Kini, Jawa cenderung kekeringan. Namun saat yang sama di Sumatera justru banjir. Musim kemarau dan hujan seolah-olah tak lagi perputaran atau siklus yang tetap. Benarkah perubahan cuaca antara lain disebabkan oleh aktivitas manusia? Berikut perbincangan wartawan Suara Merdeka Royce Wijaya dengan sekretaris Program Magister Lingkungan dan Perkotaan Unika Soegijapranata Semarang, Hotmauli Sidabalok.
Kini, benarkah sedang terjadi kekacauan atau anomali cuaca?
Sebetulnya perubahan iklim bukan sekadar wacana, tetapi sudah merupakan keseharian yang manusia hadapi dan alami. Secara sederhana, perlu dipahami perubahan iklim adalah kondisi suhu, cuaca, atau iklim sangat ekstrem. Artinya, manusia menghadapi kondisi yang tidak biasa, tak lazim, dan cukup ekstrem. Misalnya, kenaikan suhu bumi hingga mengakibatkan cuaca sangat panas atau dingin, musim kemarau panjang,
curah hujan cukup tinggi, serta bencana.
Apakah itu gejala alam yang wajar atau akibat pengelolaan lingkungan (secara global) yang cenderung merusak/-eksploitatif?
Perubahan iklim memang dipahami akibat efek gas rumah kaca yang bersumber dari perilaku manusia yang tidak arif terhadap lingkungan. Kondisi efek rumah kaca adalah terlepasnya karbondioksida (CO2) dan gas lain yang cukup tinggi ke atmosfer bumi dan tertahan panas matahari yang direfleksikan bumi. Secara sederhana, seperti manusia berada dalam oven panas. Banyak aktivitas manusia menghasilkan
CO2, misalnya seperti penggunaan kendaraan berbahan bakar fosil, perusakan dan kebakaran hutan, pembakaran sampah, pengelolaan sampah yang tidak ramah lingkungan, penggunaan pendingin atau pemanas ruangan, pembakaran biomassa, aktivitas industri dan produksi bahan yang tidak ramah lingkungan, yang akhirnya membebani lingkungan. Penambahan penduduk bumi juga berpotensi meningkatkan produksi CO2 ke udara.
Bagaimana pengaruh terhadap kehidupan, terutama di sektor pertanian dan kelautan ñ yang amat tergantung pada siklus cuaca?

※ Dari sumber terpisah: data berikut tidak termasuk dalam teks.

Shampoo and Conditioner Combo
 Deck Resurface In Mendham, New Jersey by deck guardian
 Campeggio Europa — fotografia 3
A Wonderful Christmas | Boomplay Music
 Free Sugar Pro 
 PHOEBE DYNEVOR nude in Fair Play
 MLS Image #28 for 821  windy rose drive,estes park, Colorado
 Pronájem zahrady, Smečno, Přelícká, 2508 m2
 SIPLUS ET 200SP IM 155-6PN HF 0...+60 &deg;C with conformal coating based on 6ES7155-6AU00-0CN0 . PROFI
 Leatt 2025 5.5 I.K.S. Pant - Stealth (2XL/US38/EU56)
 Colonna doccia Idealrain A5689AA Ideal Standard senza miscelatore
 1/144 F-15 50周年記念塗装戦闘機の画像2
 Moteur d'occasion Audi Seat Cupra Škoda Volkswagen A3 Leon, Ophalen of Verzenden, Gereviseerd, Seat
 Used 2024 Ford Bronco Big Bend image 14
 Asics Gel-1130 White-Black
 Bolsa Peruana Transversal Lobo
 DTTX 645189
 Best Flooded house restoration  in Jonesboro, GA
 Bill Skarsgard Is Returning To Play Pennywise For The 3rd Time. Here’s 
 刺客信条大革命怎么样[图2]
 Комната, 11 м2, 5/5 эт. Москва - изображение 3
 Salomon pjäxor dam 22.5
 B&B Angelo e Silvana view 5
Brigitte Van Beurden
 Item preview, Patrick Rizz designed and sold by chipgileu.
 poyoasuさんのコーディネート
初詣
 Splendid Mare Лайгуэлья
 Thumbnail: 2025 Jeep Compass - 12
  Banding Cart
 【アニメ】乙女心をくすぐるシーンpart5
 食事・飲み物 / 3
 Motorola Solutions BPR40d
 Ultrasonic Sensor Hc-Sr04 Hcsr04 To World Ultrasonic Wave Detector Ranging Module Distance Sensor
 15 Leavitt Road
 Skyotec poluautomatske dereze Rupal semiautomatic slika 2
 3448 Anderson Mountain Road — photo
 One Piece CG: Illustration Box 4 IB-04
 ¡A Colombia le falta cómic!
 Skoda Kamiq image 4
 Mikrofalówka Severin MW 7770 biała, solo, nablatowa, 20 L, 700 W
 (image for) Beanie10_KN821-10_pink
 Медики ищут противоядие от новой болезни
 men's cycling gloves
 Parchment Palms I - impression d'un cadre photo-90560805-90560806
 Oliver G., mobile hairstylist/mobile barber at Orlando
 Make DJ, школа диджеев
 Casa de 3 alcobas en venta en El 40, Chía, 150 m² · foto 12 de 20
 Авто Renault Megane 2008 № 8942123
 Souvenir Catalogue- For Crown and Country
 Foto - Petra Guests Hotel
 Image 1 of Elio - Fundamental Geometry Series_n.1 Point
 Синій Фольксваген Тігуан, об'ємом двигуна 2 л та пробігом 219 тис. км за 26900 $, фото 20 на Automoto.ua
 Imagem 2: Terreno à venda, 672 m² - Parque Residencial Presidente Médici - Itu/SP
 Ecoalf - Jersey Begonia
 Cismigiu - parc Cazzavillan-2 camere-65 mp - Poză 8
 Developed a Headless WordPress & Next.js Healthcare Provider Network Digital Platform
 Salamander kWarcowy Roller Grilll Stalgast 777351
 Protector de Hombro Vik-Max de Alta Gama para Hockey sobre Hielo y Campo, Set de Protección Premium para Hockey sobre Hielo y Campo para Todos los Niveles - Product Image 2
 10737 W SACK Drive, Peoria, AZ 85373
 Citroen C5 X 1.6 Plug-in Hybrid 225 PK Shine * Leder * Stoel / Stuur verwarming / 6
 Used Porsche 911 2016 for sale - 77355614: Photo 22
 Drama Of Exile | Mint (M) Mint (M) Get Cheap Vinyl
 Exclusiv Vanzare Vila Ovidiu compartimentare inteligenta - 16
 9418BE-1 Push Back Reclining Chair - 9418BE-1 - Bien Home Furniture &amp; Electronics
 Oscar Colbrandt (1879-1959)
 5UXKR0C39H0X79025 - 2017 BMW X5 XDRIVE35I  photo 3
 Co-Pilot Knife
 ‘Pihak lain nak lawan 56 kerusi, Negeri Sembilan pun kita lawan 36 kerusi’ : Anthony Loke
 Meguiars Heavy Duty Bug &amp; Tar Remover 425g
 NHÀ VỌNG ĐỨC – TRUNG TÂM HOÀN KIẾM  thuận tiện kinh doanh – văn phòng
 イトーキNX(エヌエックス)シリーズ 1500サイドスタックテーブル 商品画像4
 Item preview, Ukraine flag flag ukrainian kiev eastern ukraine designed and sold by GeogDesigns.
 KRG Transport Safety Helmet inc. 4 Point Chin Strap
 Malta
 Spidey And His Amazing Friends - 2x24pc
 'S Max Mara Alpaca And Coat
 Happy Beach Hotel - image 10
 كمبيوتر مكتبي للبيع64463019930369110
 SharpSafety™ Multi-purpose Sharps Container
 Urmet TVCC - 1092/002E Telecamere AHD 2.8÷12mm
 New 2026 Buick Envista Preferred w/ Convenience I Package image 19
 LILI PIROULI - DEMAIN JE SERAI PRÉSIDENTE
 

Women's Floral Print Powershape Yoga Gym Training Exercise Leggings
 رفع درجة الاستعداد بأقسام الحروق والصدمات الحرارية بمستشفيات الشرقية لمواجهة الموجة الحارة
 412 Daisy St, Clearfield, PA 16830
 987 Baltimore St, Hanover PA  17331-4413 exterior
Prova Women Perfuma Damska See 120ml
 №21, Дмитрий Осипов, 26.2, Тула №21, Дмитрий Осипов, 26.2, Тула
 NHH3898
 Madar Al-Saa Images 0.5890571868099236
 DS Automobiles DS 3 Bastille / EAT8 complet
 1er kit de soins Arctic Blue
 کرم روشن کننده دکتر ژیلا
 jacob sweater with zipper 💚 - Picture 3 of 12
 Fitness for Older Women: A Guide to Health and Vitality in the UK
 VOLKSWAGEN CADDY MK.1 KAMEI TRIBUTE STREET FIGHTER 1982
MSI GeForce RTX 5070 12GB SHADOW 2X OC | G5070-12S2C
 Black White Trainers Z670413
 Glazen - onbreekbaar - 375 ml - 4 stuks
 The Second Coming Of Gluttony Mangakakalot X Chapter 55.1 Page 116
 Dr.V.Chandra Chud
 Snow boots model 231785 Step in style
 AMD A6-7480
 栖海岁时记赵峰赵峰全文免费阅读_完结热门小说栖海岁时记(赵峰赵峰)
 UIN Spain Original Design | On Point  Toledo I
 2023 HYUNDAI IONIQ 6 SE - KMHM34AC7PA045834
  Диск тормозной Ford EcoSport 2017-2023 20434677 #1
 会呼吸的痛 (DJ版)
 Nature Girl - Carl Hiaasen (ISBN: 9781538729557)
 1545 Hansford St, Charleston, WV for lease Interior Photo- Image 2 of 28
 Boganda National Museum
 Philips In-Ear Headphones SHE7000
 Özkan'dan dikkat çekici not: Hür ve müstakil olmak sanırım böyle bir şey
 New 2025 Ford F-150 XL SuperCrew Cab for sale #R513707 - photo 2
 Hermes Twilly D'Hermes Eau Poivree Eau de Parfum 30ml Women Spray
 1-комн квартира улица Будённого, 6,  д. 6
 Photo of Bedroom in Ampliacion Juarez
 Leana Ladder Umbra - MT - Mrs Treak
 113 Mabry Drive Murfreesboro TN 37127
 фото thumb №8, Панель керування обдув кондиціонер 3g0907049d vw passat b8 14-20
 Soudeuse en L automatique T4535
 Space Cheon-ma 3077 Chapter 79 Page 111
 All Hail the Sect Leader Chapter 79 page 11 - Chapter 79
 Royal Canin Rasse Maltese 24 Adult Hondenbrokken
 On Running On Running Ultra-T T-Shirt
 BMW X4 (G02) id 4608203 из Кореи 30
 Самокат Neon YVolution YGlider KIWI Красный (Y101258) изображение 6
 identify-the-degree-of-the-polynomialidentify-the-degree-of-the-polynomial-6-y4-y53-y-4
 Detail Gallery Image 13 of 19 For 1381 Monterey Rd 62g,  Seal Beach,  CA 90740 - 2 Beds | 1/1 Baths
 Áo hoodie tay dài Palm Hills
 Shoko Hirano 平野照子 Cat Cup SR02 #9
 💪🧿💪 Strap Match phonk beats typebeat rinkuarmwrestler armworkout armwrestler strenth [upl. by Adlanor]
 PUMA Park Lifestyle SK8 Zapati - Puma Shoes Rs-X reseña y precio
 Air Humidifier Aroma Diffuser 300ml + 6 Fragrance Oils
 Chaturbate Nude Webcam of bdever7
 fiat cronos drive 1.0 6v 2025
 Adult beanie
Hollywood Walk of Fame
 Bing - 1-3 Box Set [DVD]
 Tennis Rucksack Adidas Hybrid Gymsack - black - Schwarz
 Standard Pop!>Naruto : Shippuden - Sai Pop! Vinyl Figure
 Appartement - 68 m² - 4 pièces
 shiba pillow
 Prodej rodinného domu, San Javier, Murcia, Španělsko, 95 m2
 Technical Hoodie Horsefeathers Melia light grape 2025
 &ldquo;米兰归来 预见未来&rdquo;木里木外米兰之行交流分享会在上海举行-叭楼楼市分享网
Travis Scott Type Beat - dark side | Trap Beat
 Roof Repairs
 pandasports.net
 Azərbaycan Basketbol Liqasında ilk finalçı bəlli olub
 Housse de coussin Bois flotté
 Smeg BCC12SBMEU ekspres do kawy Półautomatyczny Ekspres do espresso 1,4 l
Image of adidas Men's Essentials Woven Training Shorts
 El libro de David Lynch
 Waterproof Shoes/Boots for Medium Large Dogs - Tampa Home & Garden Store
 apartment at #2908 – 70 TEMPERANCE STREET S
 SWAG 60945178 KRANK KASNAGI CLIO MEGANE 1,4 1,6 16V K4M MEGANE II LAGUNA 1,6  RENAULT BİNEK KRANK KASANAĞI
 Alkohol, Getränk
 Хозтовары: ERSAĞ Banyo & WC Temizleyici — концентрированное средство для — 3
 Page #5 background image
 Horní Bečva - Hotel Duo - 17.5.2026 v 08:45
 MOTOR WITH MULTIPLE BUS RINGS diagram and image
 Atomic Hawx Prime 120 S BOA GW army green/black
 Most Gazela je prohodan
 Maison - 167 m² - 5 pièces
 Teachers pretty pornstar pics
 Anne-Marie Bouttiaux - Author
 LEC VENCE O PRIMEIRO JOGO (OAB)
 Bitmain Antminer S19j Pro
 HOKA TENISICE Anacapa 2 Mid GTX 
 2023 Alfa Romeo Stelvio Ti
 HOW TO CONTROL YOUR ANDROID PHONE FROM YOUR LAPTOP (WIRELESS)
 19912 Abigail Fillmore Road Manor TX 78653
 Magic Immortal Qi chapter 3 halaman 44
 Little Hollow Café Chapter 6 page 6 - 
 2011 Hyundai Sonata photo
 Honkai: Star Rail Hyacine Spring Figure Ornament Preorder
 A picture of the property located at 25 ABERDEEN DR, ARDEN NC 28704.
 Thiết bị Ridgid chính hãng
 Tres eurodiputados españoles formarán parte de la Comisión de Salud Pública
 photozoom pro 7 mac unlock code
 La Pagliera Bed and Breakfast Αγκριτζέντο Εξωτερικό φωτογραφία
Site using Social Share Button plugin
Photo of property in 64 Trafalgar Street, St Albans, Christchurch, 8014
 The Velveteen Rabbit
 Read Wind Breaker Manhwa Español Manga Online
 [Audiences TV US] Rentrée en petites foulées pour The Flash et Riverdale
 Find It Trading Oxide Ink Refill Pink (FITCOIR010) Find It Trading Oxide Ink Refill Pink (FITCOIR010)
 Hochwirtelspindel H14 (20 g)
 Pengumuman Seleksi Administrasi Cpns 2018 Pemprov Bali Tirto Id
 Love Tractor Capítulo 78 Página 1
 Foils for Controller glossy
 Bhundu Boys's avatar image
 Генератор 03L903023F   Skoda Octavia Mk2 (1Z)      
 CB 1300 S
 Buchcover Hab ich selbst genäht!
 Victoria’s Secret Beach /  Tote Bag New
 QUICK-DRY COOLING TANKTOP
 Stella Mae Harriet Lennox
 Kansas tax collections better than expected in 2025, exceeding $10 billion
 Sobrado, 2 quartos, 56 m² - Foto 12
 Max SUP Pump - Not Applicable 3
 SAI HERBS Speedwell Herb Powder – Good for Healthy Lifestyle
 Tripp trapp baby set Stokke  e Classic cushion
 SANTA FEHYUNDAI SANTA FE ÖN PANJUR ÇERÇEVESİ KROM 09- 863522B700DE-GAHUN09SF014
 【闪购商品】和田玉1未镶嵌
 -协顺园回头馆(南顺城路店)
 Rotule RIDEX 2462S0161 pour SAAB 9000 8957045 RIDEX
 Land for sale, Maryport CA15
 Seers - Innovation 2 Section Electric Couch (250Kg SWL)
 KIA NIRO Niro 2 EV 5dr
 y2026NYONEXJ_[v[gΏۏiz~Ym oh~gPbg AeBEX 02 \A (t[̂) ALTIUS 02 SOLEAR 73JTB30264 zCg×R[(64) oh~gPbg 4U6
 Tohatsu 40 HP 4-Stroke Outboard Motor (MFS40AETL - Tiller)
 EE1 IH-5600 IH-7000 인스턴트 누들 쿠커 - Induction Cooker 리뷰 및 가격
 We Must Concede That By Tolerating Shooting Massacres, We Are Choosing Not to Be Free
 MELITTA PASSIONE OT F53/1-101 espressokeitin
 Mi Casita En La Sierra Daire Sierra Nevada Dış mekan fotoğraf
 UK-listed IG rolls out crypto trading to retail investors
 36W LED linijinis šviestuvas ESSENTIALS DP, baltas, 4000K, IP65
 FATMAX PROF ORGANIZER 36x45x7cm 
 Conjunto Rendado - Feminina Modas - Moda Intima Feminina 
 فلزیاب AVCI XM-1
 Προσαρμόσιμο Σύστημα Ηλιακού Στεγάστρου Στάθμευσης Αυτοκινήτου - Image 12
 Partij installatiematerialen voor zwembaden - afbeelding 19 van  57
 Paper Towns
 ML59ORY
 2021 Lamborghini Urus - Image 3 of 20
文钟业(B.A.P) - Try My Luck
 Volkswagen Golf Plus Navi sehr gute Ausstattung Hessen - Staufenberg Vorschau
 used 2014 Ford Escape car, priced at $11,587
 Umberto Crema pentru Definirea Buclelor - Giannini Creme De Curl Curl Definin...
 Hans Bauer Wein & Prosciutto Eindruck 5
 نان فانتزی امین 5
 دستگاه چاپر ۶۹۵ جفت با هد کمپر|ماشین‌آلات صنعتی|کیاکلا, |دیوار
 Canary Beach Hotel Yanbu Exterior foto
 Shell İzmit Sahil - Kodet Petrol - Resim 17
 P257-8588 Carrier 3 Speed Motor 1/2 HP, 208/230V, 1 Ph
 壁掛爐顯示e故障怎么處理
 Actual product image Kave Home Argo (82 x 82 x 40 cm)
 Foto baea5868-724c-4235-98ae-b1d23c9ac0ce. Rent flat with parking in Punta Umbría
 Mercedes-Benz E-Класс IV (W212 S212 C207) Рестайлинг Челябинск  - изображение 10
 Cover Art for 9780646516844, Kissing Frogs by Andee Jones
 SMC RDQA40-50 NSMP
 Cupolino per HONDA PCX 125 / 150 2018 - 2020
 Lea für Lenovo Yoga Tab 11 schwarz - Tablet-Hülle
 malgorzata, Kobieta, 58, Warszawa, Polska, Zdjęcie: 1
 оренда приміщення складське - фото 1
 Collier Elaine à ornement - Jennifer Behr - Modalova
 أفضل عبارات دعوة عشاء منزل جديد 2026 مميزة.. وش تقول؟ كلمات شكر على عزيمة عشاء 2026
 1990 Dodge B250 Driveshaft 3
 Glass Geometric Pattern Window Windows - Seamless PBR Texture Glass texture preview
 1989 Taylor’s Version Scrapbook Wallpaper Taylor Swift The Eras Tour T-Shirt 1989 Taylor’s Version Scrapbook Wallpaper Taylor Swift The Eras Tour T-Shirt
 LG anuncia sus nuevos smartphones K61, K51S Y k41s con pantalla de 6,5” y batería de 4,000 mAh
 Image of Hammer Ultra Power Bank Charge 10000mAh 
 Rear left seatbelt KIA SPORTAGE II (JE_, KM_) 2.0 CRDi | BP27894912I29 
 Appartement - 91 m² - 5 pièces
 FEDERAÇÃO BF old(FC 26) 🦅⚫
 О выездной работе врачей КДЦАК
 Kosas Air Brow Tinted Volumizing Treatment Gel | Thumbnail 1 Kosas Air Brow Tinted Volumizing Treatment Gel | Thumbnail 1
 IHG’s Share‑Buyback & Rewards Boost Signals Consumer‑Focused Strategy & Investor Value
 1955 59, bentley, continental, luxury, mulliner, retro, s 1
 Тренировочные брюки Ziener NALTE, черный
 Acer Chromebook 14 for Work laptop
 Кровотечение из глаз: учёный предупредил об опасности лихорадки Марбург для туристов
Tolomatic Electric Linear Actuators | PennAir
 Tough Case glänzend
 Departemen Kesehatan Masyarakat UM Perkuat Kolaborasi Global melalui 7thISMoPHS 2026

Perubahan iklim disebabkan oleh perilaku manusia yang tidak arif terhadap lingkungan. Sebaliknya, perubahan iklim juga akan memengaruhi kehidupan manusia. Seperti hukum aksi-reaksi, kalau kita melakukan aksi selalu aka ada reaksi. Alam juga seperti itu. Bumi dan alam semesta punya cara dan mekanisme tersendiri untuk beradaptasi dengan perubahan, tetapi manusia tidak begitu. Manusia tidak mudah beradaptasi dengan perubahan. Secara fisik manusia merasakan kesehatan tubuhnya sangat rentan terhadap anomali cuaca.
Penderita penyakit yang berkait dengan kondisi itu, seperti batuk, demam berdarah (DB), radang, dan infeksi saluran pernafasan akut (ISPA), meningkat dan intensitasnya menjadi cukup sering. Kalau direntang 5-10 tahun lalu, penderita penyakit-penyakit itu bertambah pada masa pancaroba, saat peralihan musim panas ke musim dingin atau sebaliknya. Tentu perubahan iklim sangat berpengaruh terhadap sektor pertanian dan kelautan yang juga memengaruhi manusia.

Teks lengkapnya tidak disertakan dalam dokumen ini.